I just received an invitation to a friend's son's bar-mitzvah, which will take place on Yom HaAtzma'ut, Israel's 59th Independence Day, which will take place this year on the sixth day of Iyar rather than the fifth. This is the second time that this has occurred. The first time was three years ago. From the inception of the state of Israel, on Friday, May 14, 1948, the fifth of Iyar 5708, the problem of the intersection of the celebration of independence with Shabbat has been an issue. The Chief Rabbinate and the Knesset previously decided that when the fifth of Iyar falls on either Friday or Shabbat the celebration would be held earlier on the previous Thursday in order to avoid desecration of the Sabbath. This was based on the rabbinic precedent that joyous events similar to the reading of Esther on Purim could be held early under certain conditions. Occasions of sorrow such as the fast of Tisha B'Av in morning for the destruction of the Temple, are postponed if they fall on Shabbat.

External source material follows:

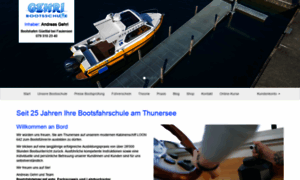 Bootsschule.ch thumbnail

Independence day is always preceded by Memorial Day for those who have fallen in war and in defense of the nation. The stark contrast between the somber day of memorials, gravesides and sirens is followed by the rejoicing in the independent Jewish state. At nightfall a long siren blast is followed by jubilation and revelry. Three years ago religious leaders expressed their concern about the likelihood that the main memorial observance at the outset of Memorial Day, in the evening at the Western Wall, would be the cause of Shabbat desecration if it were held on Saturday night. Therefore the authorities agreed that the memorial events, similar to the fast of Av, should be postponed to Sunday night-Monday. The problem was that they also wanted to maintain the close connection between the memorial day and the celebration on adjacent days. This necessitated postponing Independence Day as well.
In the context of what we have said before, what does this all mean? It means that as we have sunk into the post-Zionist era we have retreated from our freedom. It means that we have let our sorrow be in the driver's seat and have command over our rejoicing and our sense of control over our own destiny as a nation. We have let Tisha B'Av become the paradigm of our national existence rather than Purim and Pesach. Other ways in which we see this is in the increased involvement in youth trips to the concentration camps of Europe and even more so in the constant diplomatic and military concessions we have made over the previous years culminating in the disastrous retreat and expulsion of thousands of Jews from Gaza and northern Samaria. We have ceased to behave like a free people and have returned to the slave mentality. Our religious expression of freedom is overshadowed by our fearful fixation on the Jewish fate of death and suffering.
What do we do about this problem? We must take the Jewish identity of the State of Israel and in no uncertain terms put it in the driver's seat of our nation's fate. We must make Jewish law the determining factor in our jurisprudence rather than "enlightened" western "democracy". This fable of a "democratic Jewish state" or even a "state of all its citizens" makes us less free, not more. It subjects us to the tyranny of the nations from without and to the tyranny of secular judges, media, secret police and economic oligarchy from within. Only a return to Torah on the personal level and the establishment of true Jewish leadership on the national level based on obedience to G-d and His Torah can save us from this gathering storm of self-destruction. The secular state is certainly not the "beginning of the flowering of our redemption".